Recorded data:
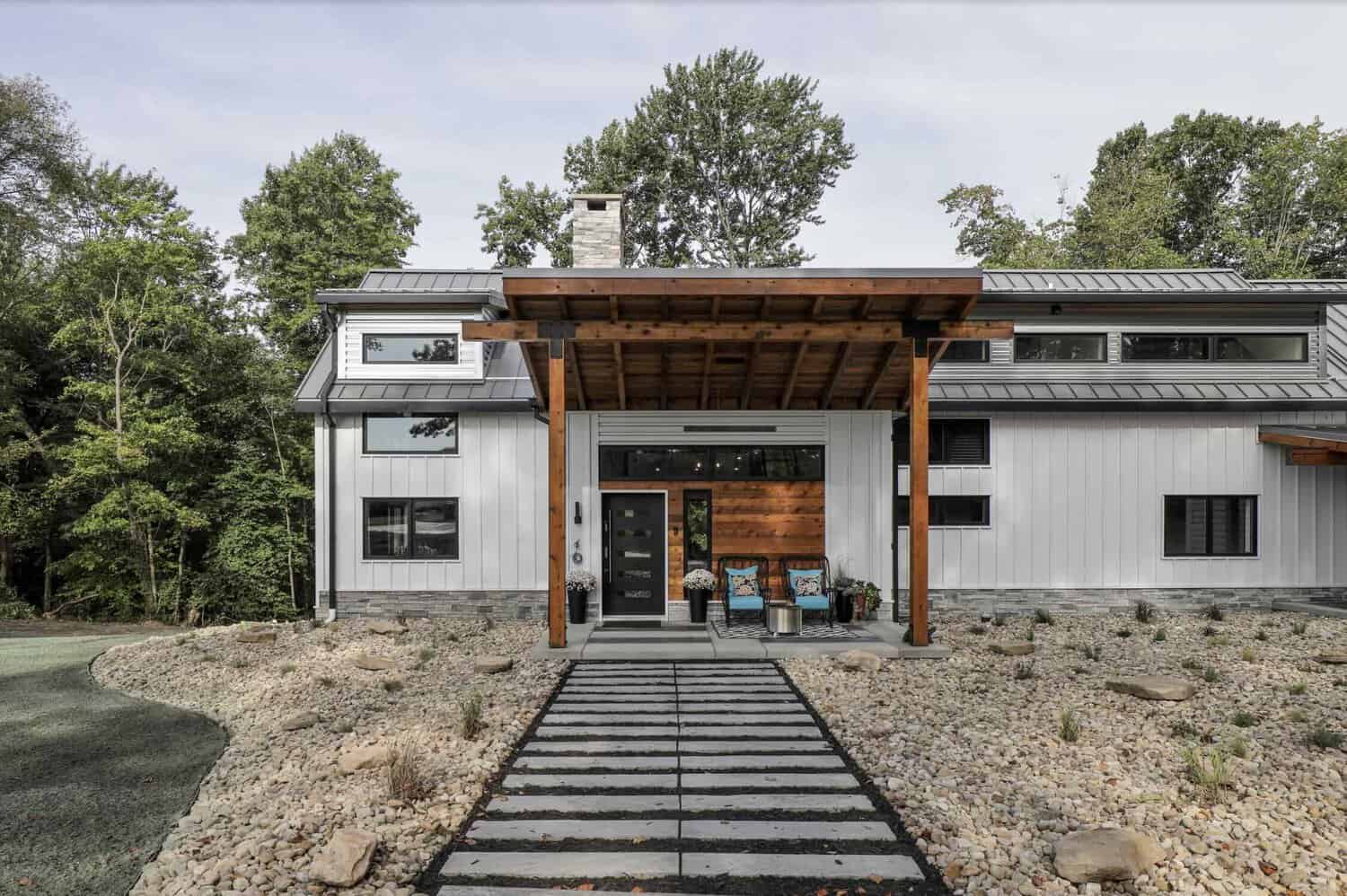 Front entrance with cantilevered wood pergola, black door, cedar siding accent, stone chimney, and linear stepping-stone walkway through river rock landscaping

==

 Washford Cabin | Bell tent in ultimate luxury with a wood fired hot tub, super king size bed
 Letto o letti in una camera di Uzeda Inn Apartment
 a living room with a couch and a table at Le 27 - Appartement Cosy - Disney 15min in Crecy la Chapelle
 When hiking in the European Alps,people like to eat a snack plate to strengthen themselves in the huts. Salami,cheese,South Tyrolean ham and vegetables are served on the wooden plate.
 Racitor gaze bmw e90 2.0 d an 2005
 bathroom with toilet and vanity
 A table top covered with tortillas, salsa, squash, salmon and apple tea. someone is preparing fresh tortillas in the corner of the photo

==

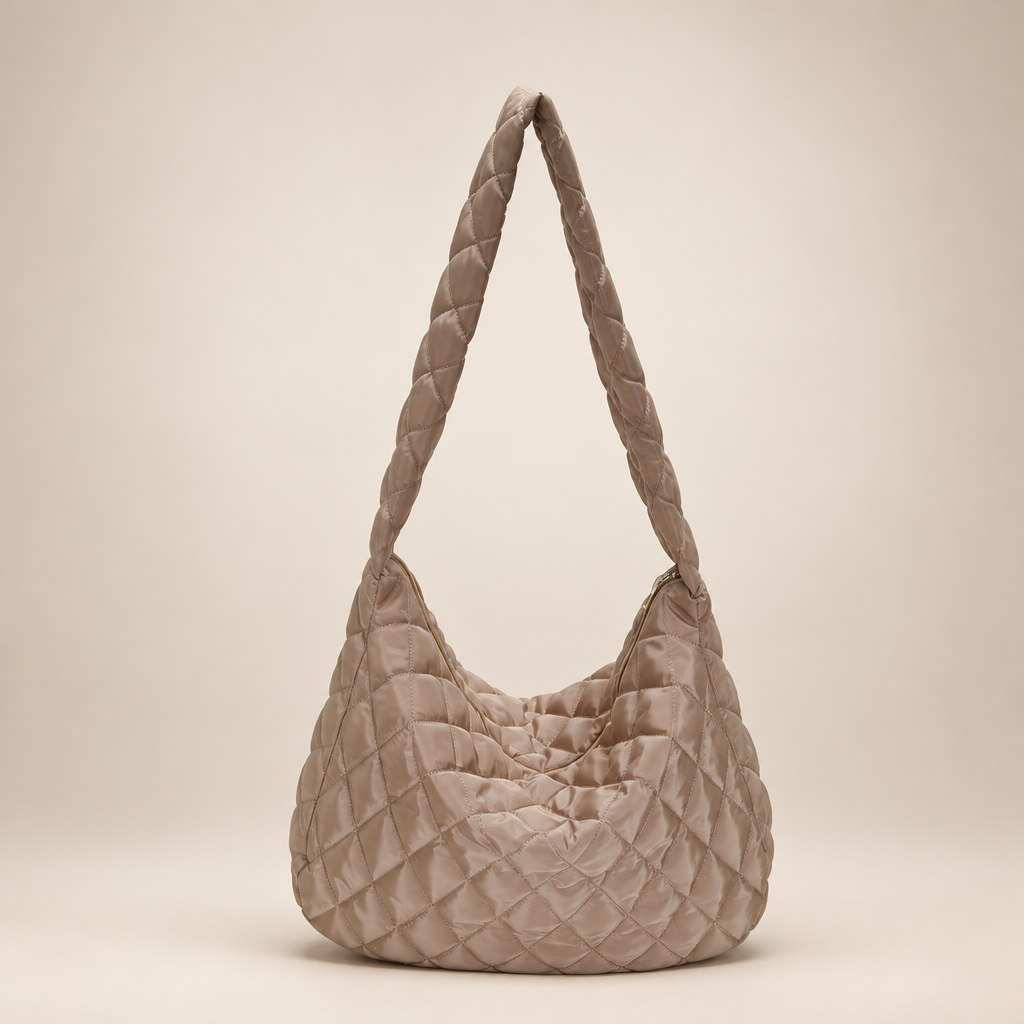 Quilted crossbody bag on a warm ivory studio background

Your assignment: Exact duplication is required for the lines above, from the line that contains "Racitor gaze bmw e90 2.0 d an 2005" to the line that contains "A table top", inclusive; omit all others.

Answer to this task:
 Racitor gaze bmw e90 2.0 d an 2005
 bathroom with toilet and vanity
 A table top covered with tortillas, salsa, squash, salmon and apple tea. someone is preparing fresh tortillas in the corner of the photo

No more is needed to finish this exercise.